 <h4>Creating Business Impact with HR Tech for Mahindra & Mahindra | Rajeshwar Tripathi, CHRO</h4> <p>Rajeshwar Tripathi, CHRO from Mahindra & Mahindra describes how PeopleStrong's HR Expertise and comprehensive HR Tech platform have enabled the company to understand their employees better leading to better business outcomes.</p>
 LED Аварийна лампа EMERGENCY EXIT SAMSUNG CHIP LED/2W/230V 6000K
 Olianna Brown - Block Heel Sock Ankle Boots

● ● ● ●

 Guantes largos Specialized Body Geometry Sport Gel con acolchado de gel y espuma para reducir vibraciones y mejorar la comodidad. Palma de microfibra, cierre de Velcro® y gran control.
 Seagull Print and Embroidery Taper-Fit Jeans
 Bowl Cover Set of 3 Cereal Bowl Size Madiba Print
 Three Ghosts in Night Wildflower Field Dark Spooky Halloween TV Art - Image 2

● ● ● ●

Your assignment:
In the material above, locate the line containing "Bowl Cover Set" and the line containing "Three Ghosts in". Transcribe exactly those two lines and every line between them, and nothing more.

Exercise solution:
 Bowl Cover Set of 3 Cereal Bowl Size Madiba Print
 Three Ghosts in Night Wildflower Field Dark Spooky Halloween TV Art - Image 2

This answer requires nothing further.